The last thing Kathy Gunst and Katherine Alford expected when they published their cookbook “Rage Baking” was for the rage to be directed at them.
“We started hearing from a lot of women we didn’t know saying, ‘You stole, you plagiarized,’ ” Ms. Alford said. “We were quite caught off guard.”
The book — which is subtitled “The Transformative Power of Flour, Fury, and Women’s Voices” — was meant to celebrate anger and activism in the kitchen. While it may do that, it also ignited a conversation on social media about race, appropriation, feminism and marketing.
Shortly after “Rage Baking” was published on February 4, the Brooklyn performance artist Tangerine Jones wrote a pointed post on Medium, taking Ms. Gunst and Ms. Alford to task. In 2015, Ms. Jones had started a blog and Instagram account that she called Rage Baking — but she wasn’t included in the book, or credited in any way.
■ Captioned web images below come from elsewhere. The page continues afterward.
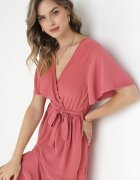 j&x Rochie Maxi roz închisă cu elastic în talie și centură din material Kiriane
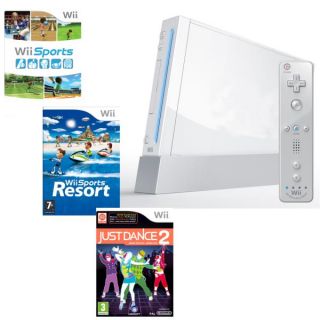 Nintendo Wii Console (White) Bundle (Including Wii Sports Resort and 
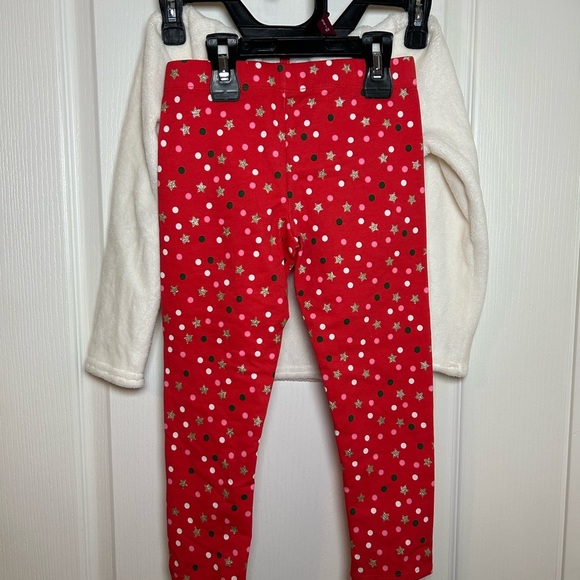 Cynthia Rowley Cozy Unicorn Set Size 5/6 red/white hoodie/leggings cute!! - Picture 5 of 7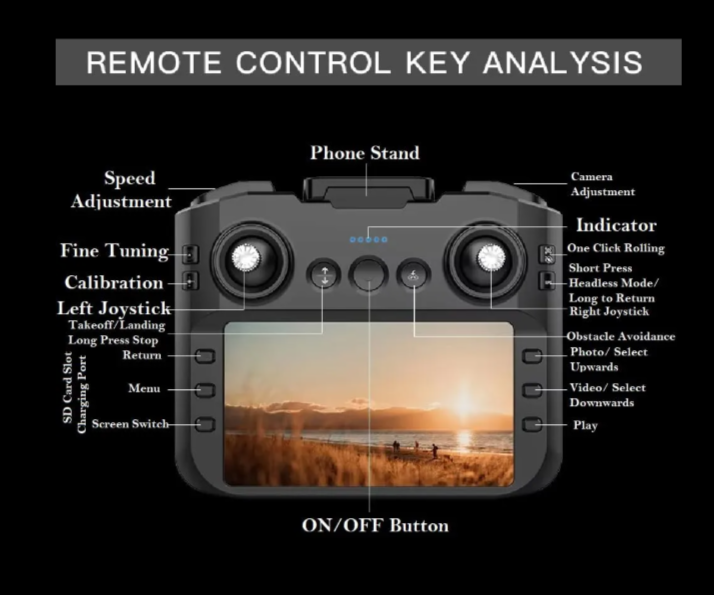 Picture of New 2025 (Remote Display) Black Carbon Fiber Brushless Infrared Obstacle Avoidance Optical Flow Positioning Hovering 4K DuelCamera Quadcopter Drone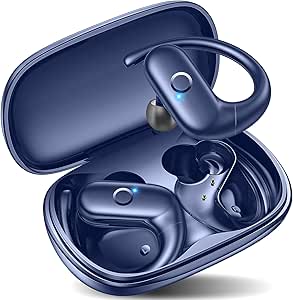 kurdene Wireless Earbuds Bluetooth Headphones Sport,Over Ear Buds with Deep Bass Sound,60Hrs Playtime Earphones Redesigned Comfort Fit with Earhooks for Running,Meeting,Workout-Blue asin的图片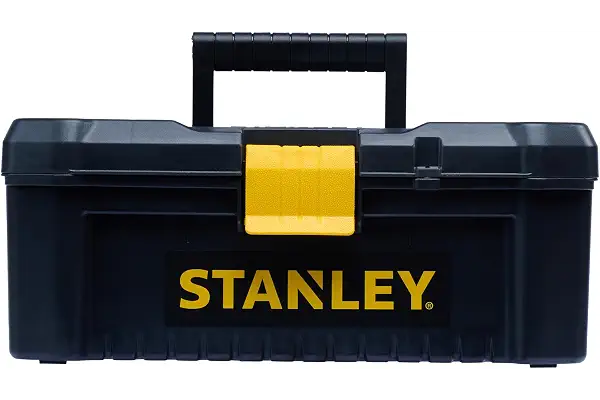 STANLEY Caja de herramientas de plástico con cierre de plástico, 40,6 x 20,5 x 19,5 cm, asa ergonómica, organizadores en la tapa, bandeja interior extraíble, orificio para candado, STST1-75517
In an interview on Friday, Ms. Jones said: “This exploitation keeps happening. No one should be surprised that people feel completely OK not even pretending to be respectful co-opting things from black folks.”
In her Medium post, she had shared screenshots of messages sent to her by Ms. Gunst and Ms. Alford, in which the authors explained, “We have seen a range of people using ‘rage bake’ and ‘rage baking’ independently to describe their efforts for the past several years.”
“If all of this research around Rage Baking had been done prior to the book’s publication and the intention was to be a celebration of feminist women’s voices, why wasn’t I acknowledged for my efforts or contacted?” Ms. Jones wrote.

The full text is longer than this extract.